Les membres de Québec solidaire ont tenté de cacher leurs désaccords sur la laïcité, dimanche, lorsqu'ils ont expulsé les médias d'une discussion consacrée à ce sujet.

Les militants du parti étaient réunis en conseil national à Montréal pour faire le bilan de la campagne électorale et pour lancer une campagne politique sur les changements climatiques. Ils ont également jeté les bases d'un débat sensible sur l'interdiction des signes religieux dans la fonction publique.

Avant même que les échanges commencent, les membres ont voté en faveur d'une proposition pour tenir la séance à huis clos. Les médias ont donc dû quitter la salle sur-le-champ.

Il arrive souvent que des partis politiques tiennent des ateliers ou des débats à huis clos pendant des rassemblements. Mais l'expulsion, séance tenante, des journalistes d'une plénière à laquelle ils avaient été invités est un événement rarissime.

Les partisans de la proposition ont dit vouloir préserver l'image d'unité de Québec solidaire.

« À la différence d'autres partis, pour ne pas les nommer, on n'a pas l'étiquette d'un parti divisé, d'un parti qui fait des chicanes, a argué l'ancien candidat dans Iberville, Philippe Jetten-Vigeant. On a plutôt l'image d'un parti qui établit des consensus en assemblée et, ensuite, qui se tient à ses consensus et qui permet d'avoir un message plus clair. »

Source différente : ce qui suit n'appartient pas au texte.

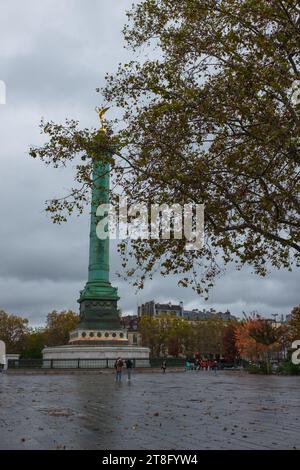 Paris, France, 2023. Place de la Bastille, la colonne de juillet et son Génie de la liberté doré, avec des bâtiments haussmanniens en arrière-plan (vertical) Banque D'Images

Tous n'étaient pas d'accord avec lui. Stéphane Morin, militant de la circonscription de Gouin, s'est opposé à l'initiative.

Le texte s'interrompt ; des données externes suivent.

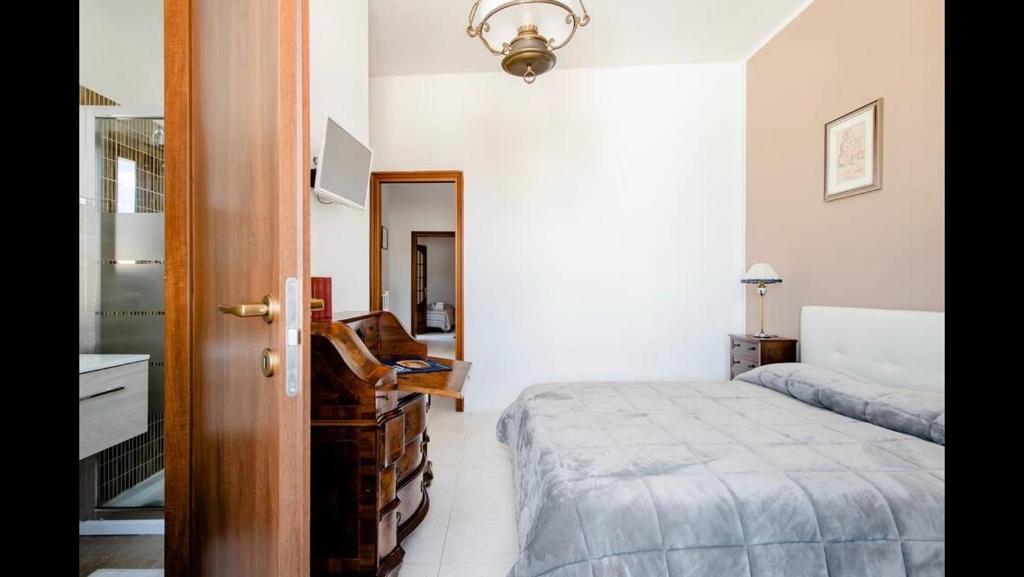 Postel nebo postele na pokoji v ubytování B&B Maison Rosetta IUN-E4948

« Je ne veux pas donner de la marge de manoeuvre aux médias en disant que, encore une fois, le politburo, etc., a-t-il résumé. Je ne veux pas que Québec solidaire ait l'air d'un parti qui débat en vase clos pour ce sujet très important. »

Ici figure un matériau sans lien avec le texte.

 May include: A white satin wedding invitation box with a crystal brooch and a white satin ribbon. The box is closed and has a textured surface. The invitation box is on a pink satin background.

En mars, les membres de QS seront appelés à redéfinir la position du parti sur la laïcité. Depuis plusieurs années, l'aile parlementaire défend le compromis proposé par la commission Bouchard-Taylor, soit d'interdire des signes religieux aux policiers, juges et gardiens de prison.

Un membre du comité de coordination nationale a présenté dimanche matin un document de réflexion qui résume l'évolution de la position de QS sur la question. C'est de cette présentation que les journalistes ont été expulsés.

Les leaders du parti ont dit pas être d'accord avec l'expulsion des journalistes de la plénière. Mais ils ont dit comprendre le sentiment des membres.

« Il y a des gens qui souhaitent discuter sans que leurs propos de ramassent à la une des bulletins de nouvelles, a résumé le co-porte-parole, Gabriel Nadeau-Dubois. Je ne suis pas nécessairement d'accord, mais il faut respecter la décision. »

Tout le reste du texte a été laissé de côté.